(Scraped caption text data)
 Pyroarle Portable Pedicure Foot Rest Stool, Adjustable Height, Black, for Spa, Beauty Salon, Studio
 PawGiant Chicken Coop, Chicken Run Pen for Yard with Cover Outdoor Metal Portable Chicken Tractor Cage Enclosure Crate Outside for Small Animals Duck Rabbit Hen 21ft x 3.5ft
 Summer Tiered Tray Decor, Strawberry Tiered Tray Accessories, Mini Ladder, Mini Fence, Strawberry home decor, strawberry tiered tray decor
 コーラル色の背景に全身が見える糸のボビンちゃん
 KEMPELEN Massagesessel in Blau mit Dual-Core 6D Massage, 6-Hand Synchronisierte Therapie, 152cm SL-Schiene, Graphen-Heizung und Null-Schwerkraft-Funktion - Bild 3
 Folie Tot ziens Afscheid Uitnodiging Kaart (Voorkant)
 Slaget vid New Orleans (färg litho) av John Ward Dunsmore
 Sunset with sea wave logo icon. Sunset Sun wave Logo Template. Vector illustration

==

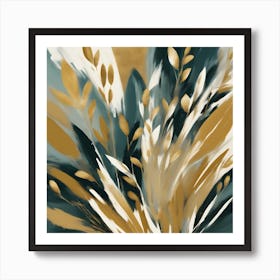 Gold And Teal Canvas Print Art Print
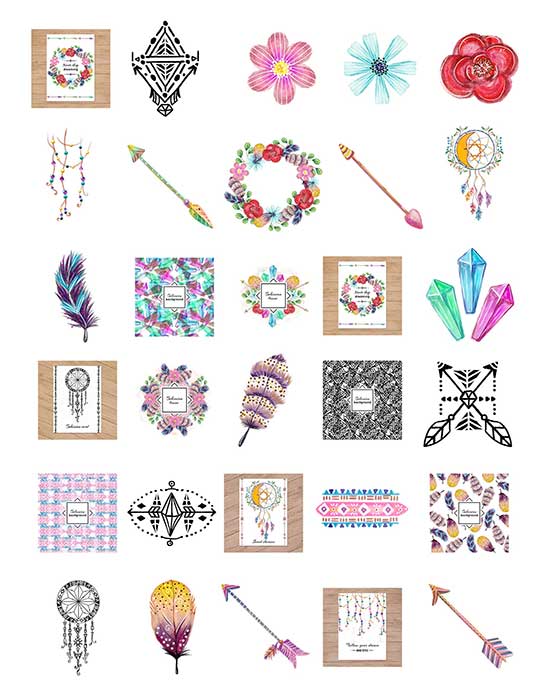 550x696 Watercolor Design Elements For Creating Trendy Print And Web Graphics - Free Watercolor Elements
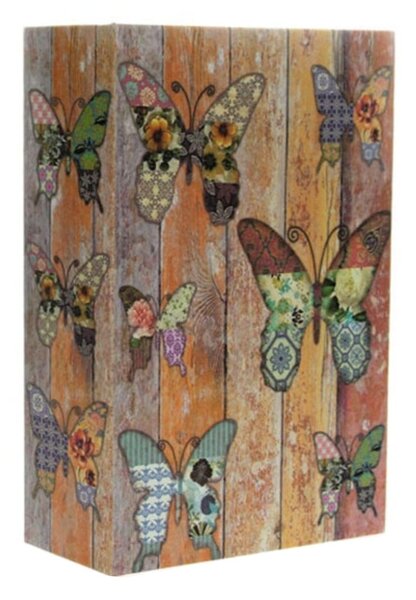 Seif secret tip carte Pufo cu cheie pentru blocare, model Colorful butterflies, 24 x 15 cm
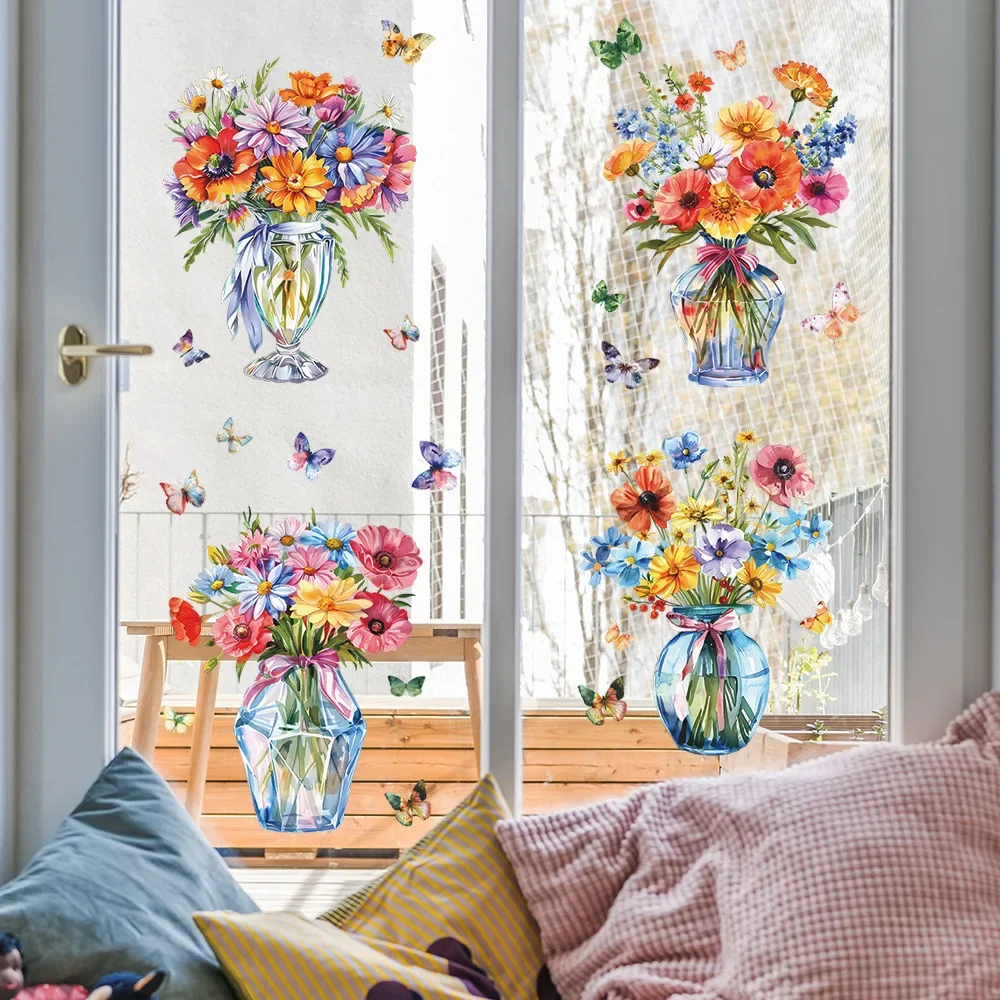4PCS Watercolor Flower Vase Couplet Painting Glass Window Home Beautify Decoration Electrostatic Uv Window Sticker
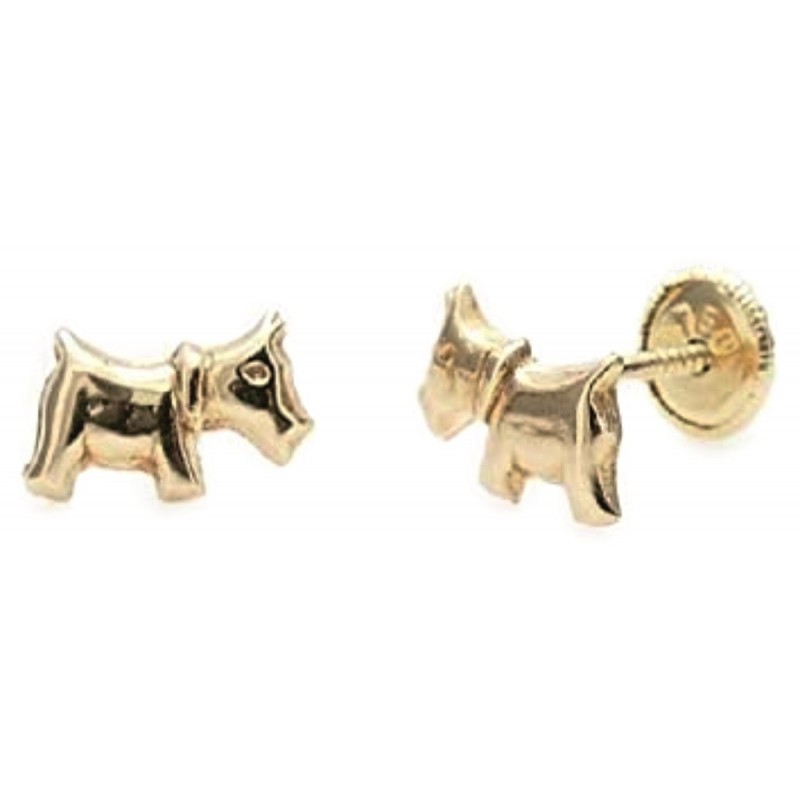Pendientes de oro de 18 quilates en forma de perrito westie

▶ _Exercise requirements_
Only the lines that contain the string "with" should be copied from the entries above.

▶ _Your solution_
 PawGiant Chicken Coop, Chicken Run Pen for Yard with Cover Outdoor Metal Portable Chicken Tractor Cage Enclosure Crate Outside for Small Animals Duck Rabbit Hen 21ft x 3.5ft
 Sunset with sea wave logo icon. Sunset Sun wave Logo Template. Vector illustration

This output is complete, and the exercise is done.